HINDMAN: We wrote the phrase “golden filter” into our single “Solid Gold,” and we didn’t even realize it would be the name of our band.
ZHONG: So you wrote “Solid Gold” first.
ZHONG: And “Voluspa,” based on my Wikipedia skills, is an ancient Norse poem that tells the creation of the world.
TRAPPES: I’m a history major so I have a tendency to get into stuff like that. We were in Iceland earlier this year and we were blown away by the culture there. The name doesn’t just refer to the beginning of the world, but the battle and the destruction and the rebirth. It ties into some of the stuff that we’d been through before we started the Golden Filter.
HINDMAN: Having had a previous musical project, you know…just having to kill off something and then start something else, which is what we did.
ZHONG: It’s kind of a creation myth thing. When you guys started out, you kept your personal identities quite mysterious. What was the thinking behind that? Why foster that mystique?
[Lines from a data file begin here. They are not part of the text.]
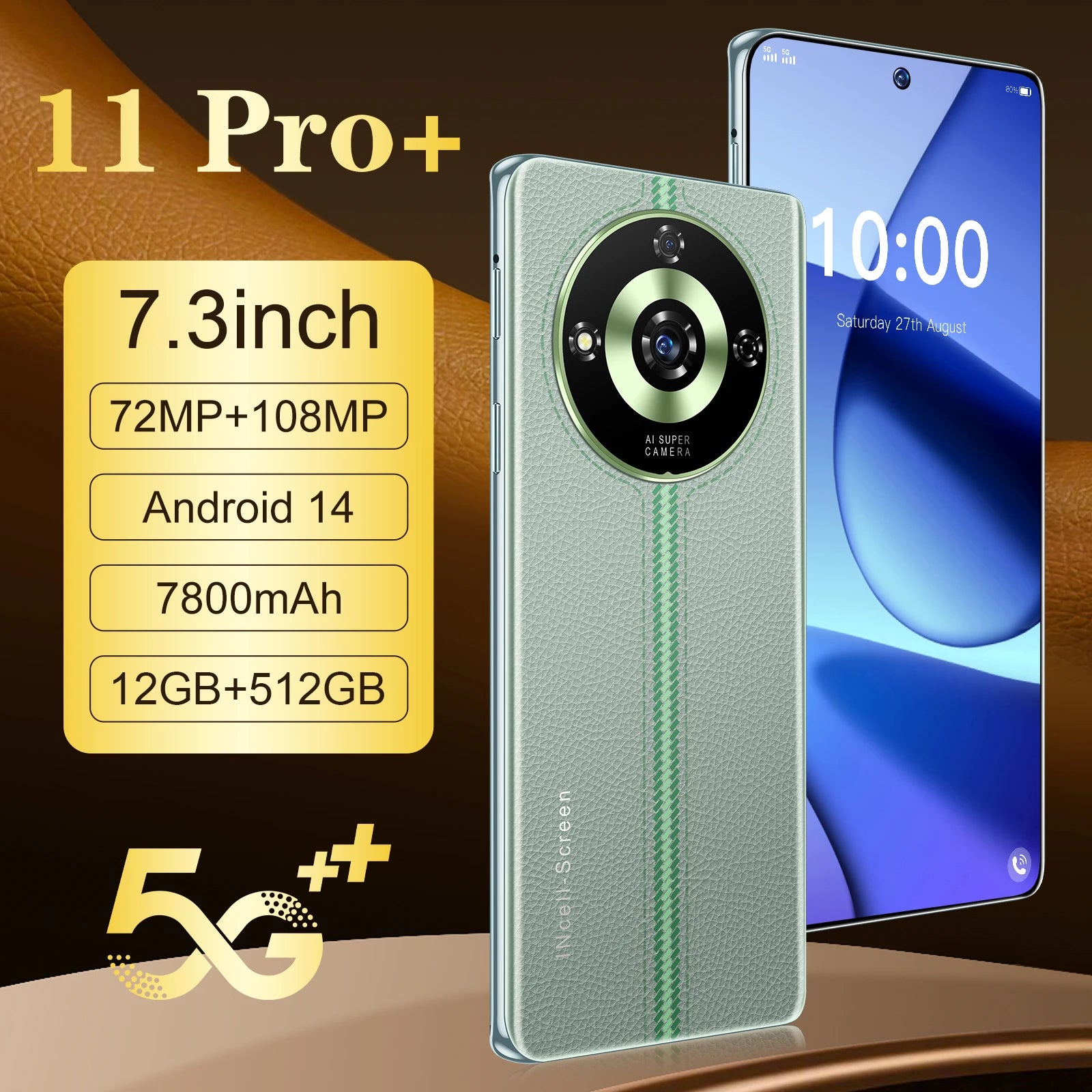 11Pro 5G Smartphone: 12GB RAM, 512GB Storage, AMOLED Display Green 12g 512 GB Tidesmit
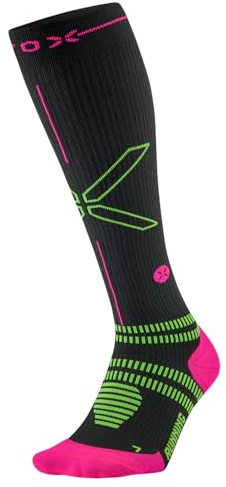 STOX Energy Socks, Calcetines de carrera para mujer, clase de compresión 23-32 mmHg, suela delgada, medias de compresión, calcetines de compresión, medias de contención, gris/fucsia, L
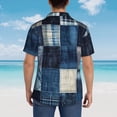 thumbnail image 5 of Cauagu Indigo Patchwork Quilt Print Hawaiian Shirt for Men,Casual Short Sleeve Button Down Shirts Summer Beach Men's Regular-Fit Short-Sleeve Print Shirt -Large, 5 of 6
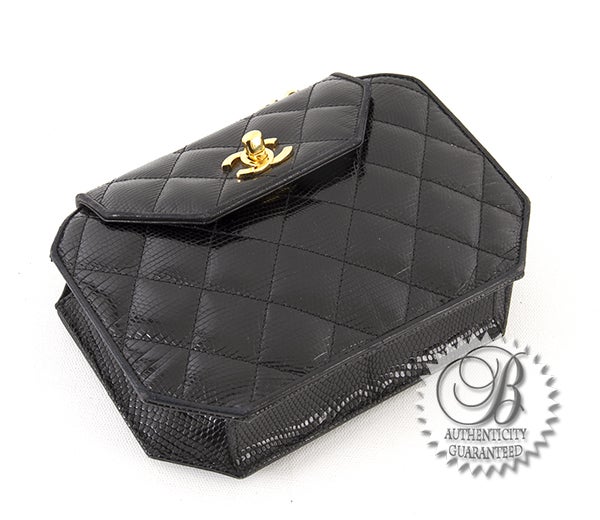 Women's Chanel Black Lizard Skin Octagonal Long Chain Strap Exotic Bag For Sale
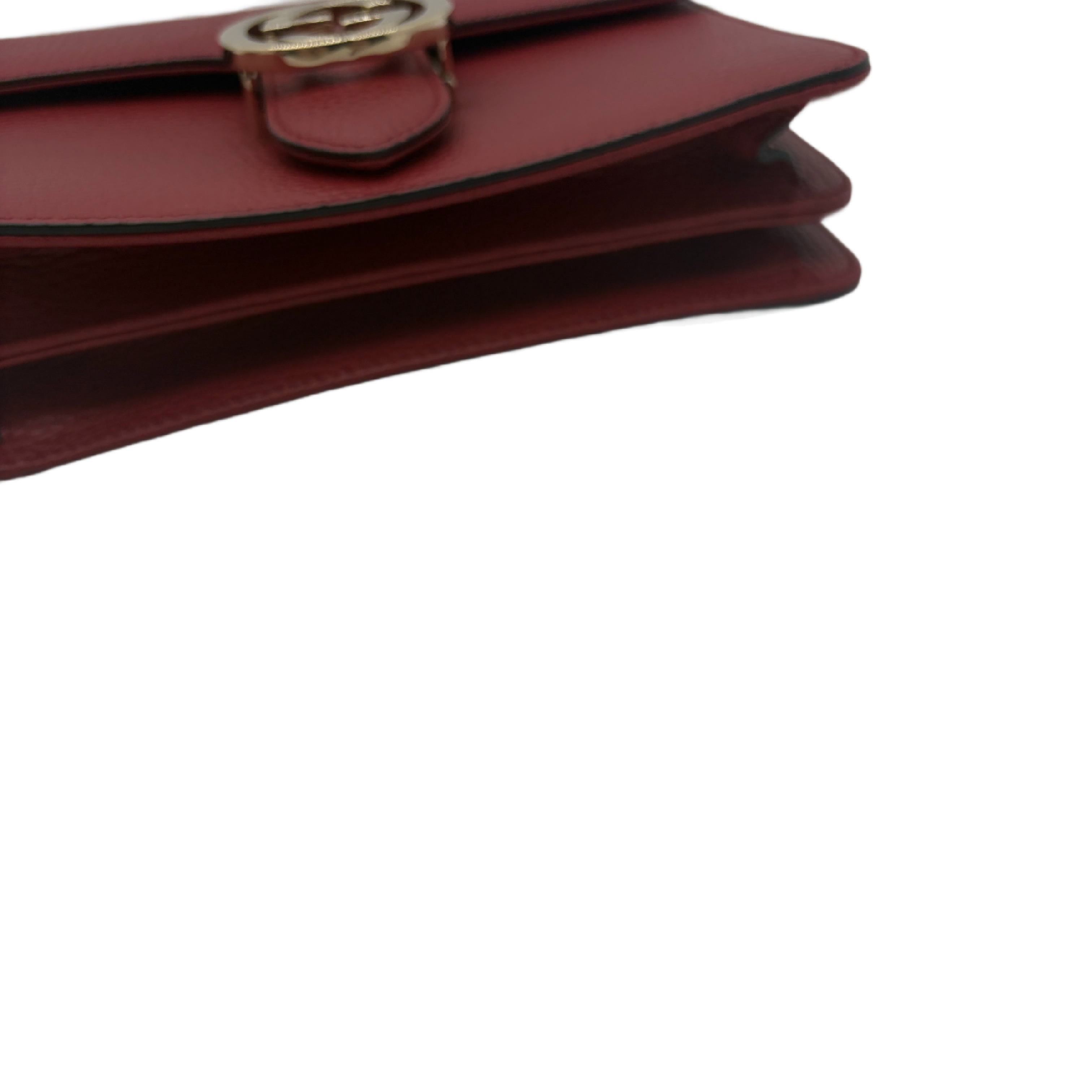 Interlocking G Leather Chain Shoulder Bag, Red. — view 6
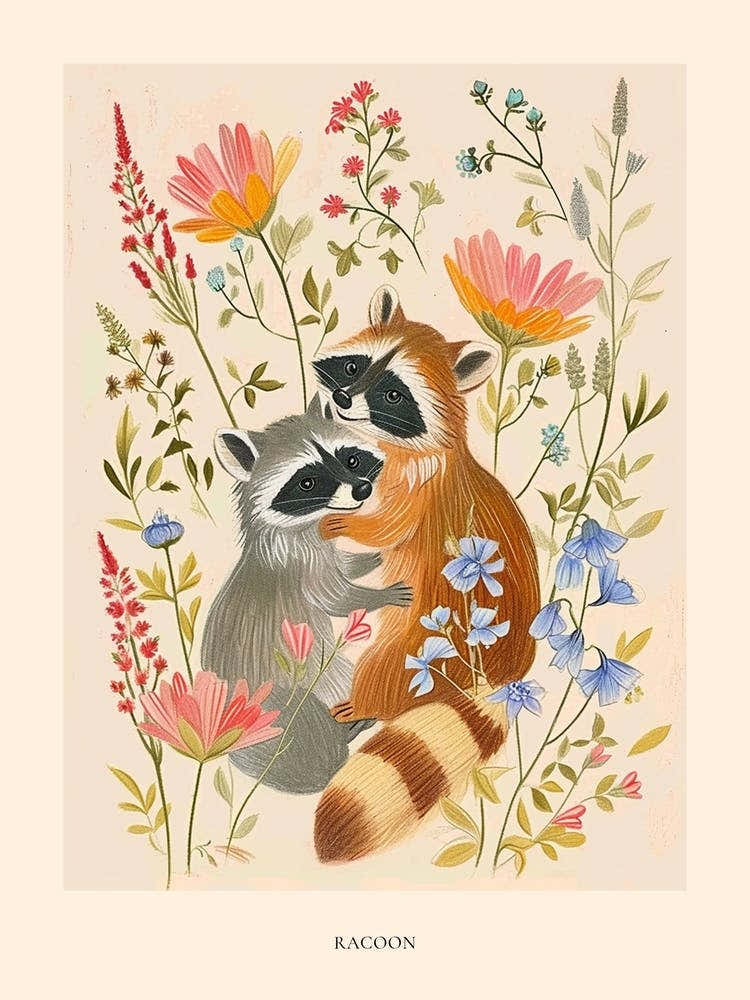 Folksy Floral Animal Drawing Racoon Poster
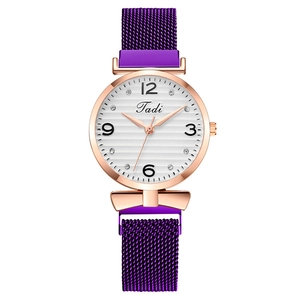 Purple Milanese loop strap watch with rose gold case and white dial for women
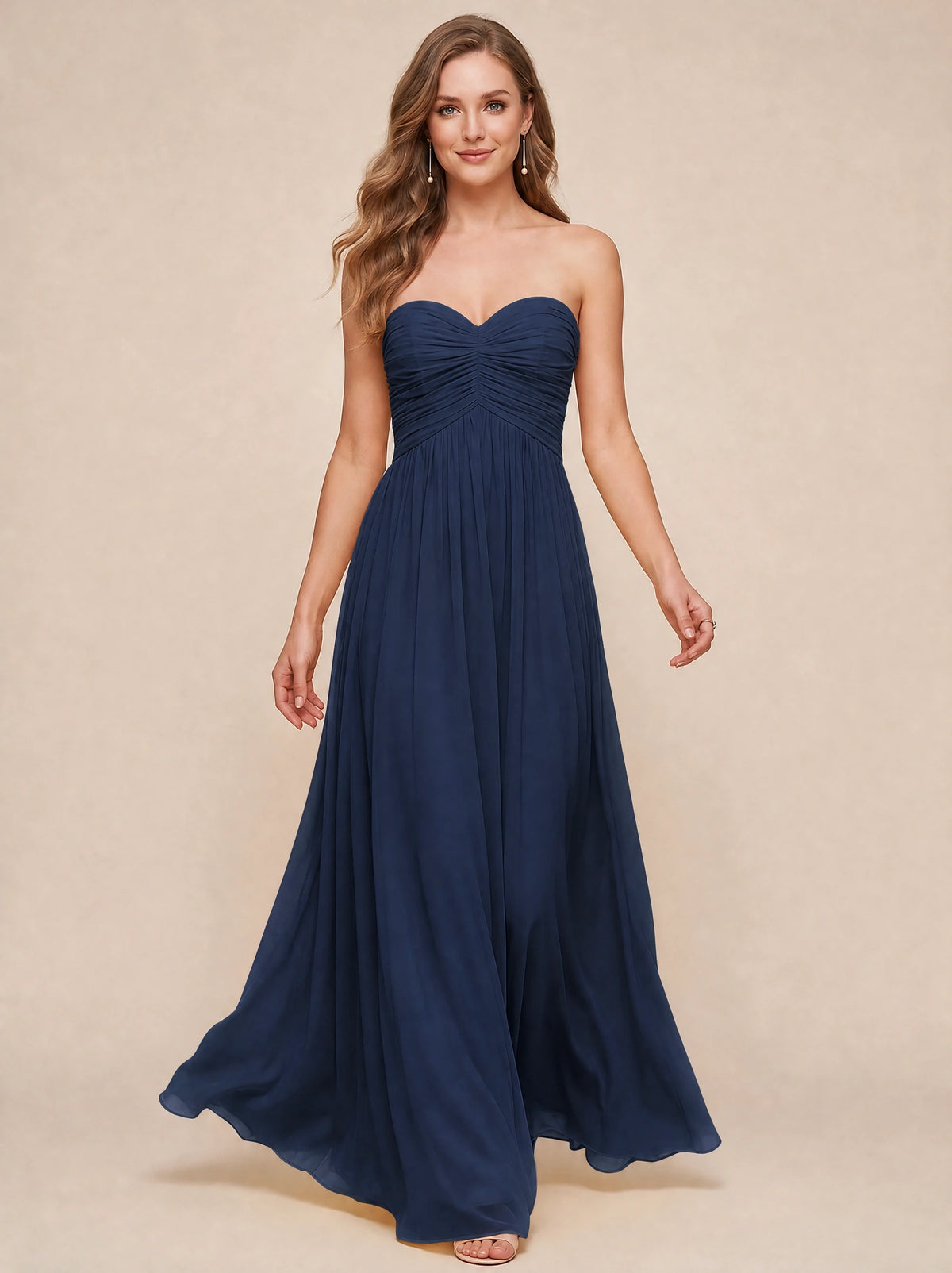 Strapless Pleated Chiffon A-Line Bridesmaid Dress
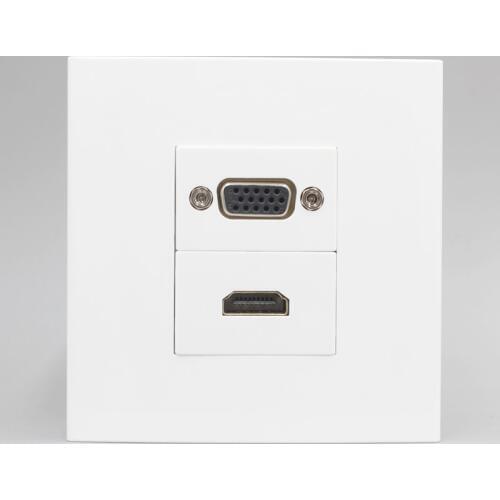 HDMI2.0 VGA Wall Plate 86mm Outlet Female To Female Faceplate Connector For DVD Projector Computer Laptop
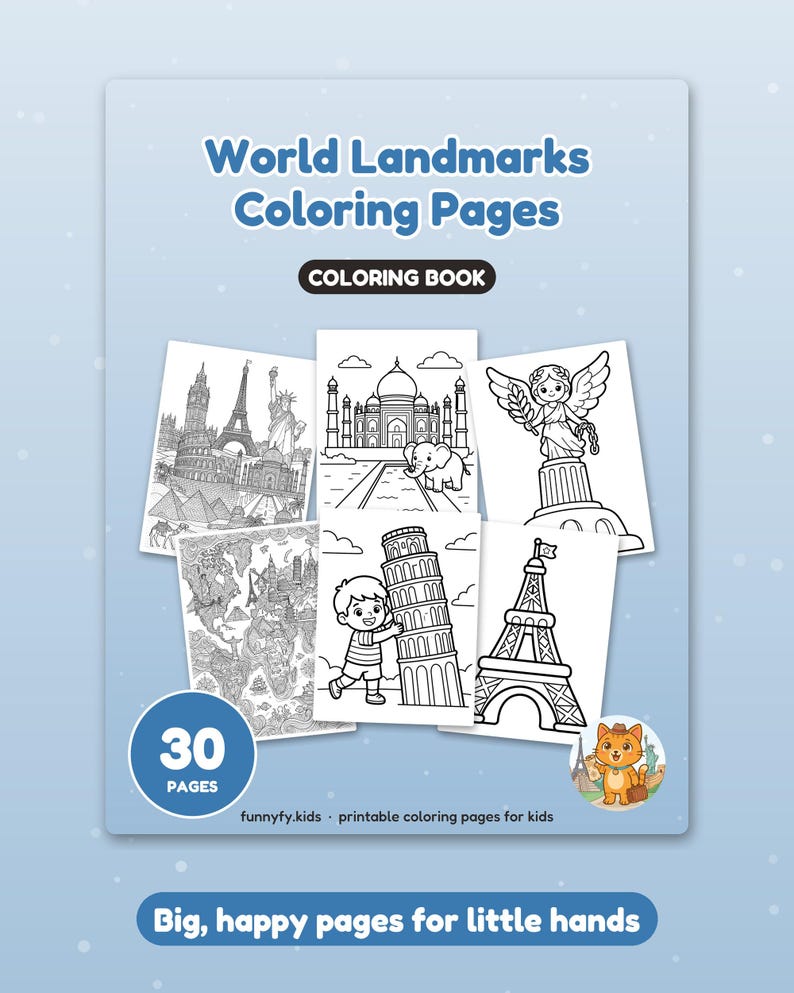Może przedstawiać: Kolorowanka zatytułowana World Landmarks Coloring Pages zawierająca 30 stron. Okładka przedstawia czarno-białe ilustracje światowych zabytk&oacute;w, mapę i kota. Tekst zawiera 30 PAGES, funnyfy.kids oraz Big, happy pages for little hands.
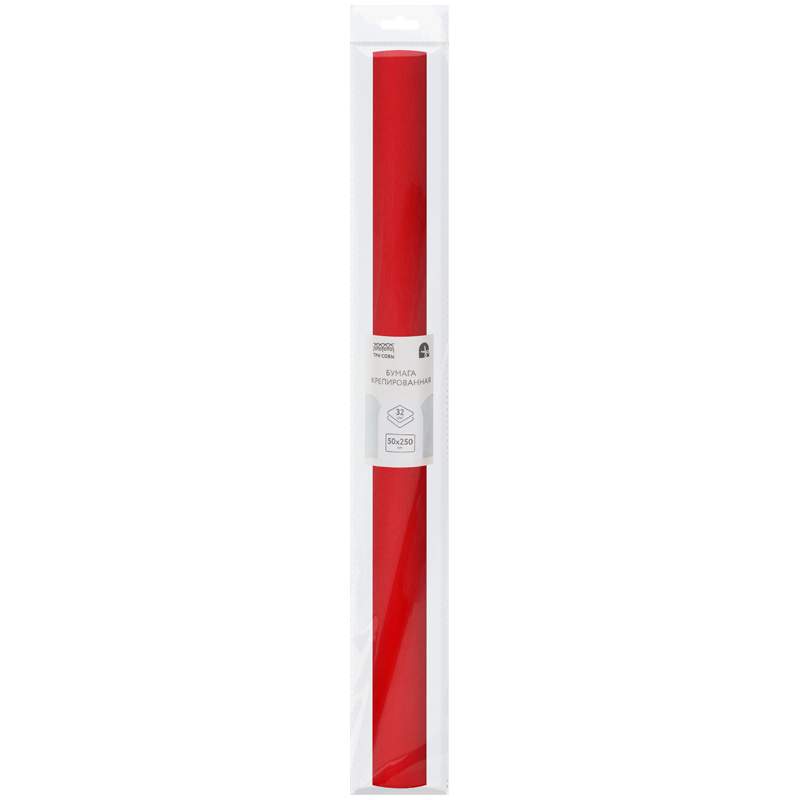 

Бумага креп ТРИ СОВЫ, 50*250см, 32г/м2, красная, в рулоне, - (10 шт.), Красный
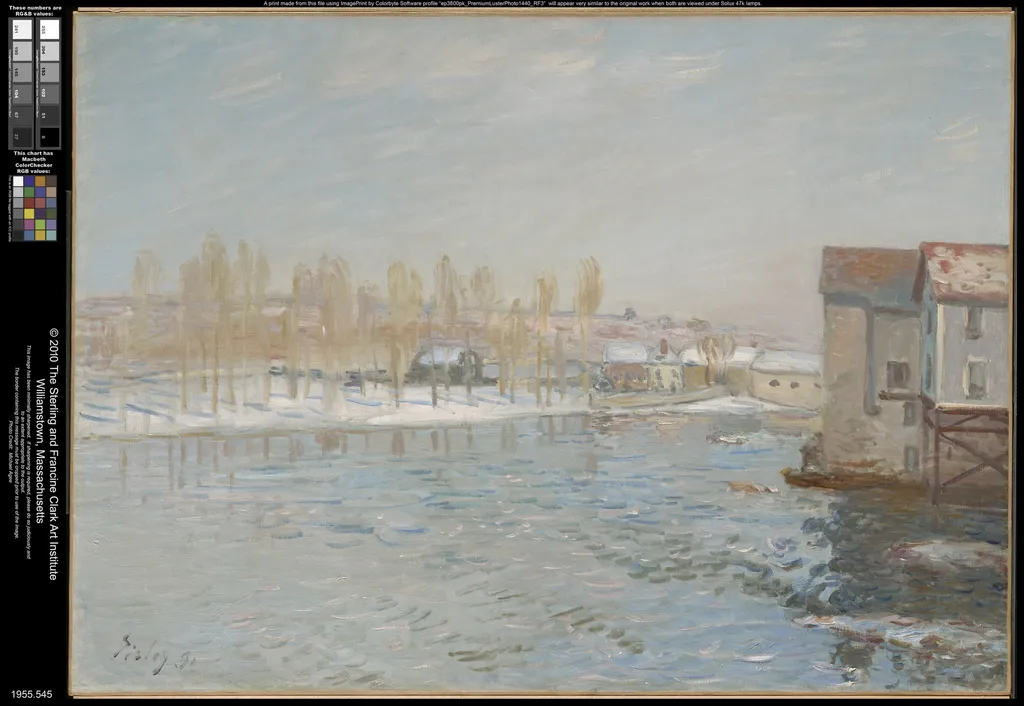 The Loing and the Mills of Moret, Snow Effect, by Alfred Sisley, oil, 1896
HINDMAN: It was in response to all the overexposure on music blogs, everything being so readily available and easy to get.
TRAPPES: People’s personalities are being emblazoned so freely.
HINDMAN: Every once in a while, it’s nice when you run into something in the world, whether it’s a band or whatever, where you just don’t know that much about it.
TRAPPES: There’s a lot of beauty in mystery. We went with the less-is-more philosophy.
ZHONG: But you do realize the less people know, the more they dig.
TRAPPES: Yeah, that’s true. That’s the irony of it.
ZHONG: A few years ago you guys were part of another band in Jersey City called Lismore. How did you get from there to here? What was the bridge?
HINDMAN: The bridge was really “Solid Gold.”
FZ: So the band–and the name of the band–came of this one song. That’s something that you don’t really hear of too often.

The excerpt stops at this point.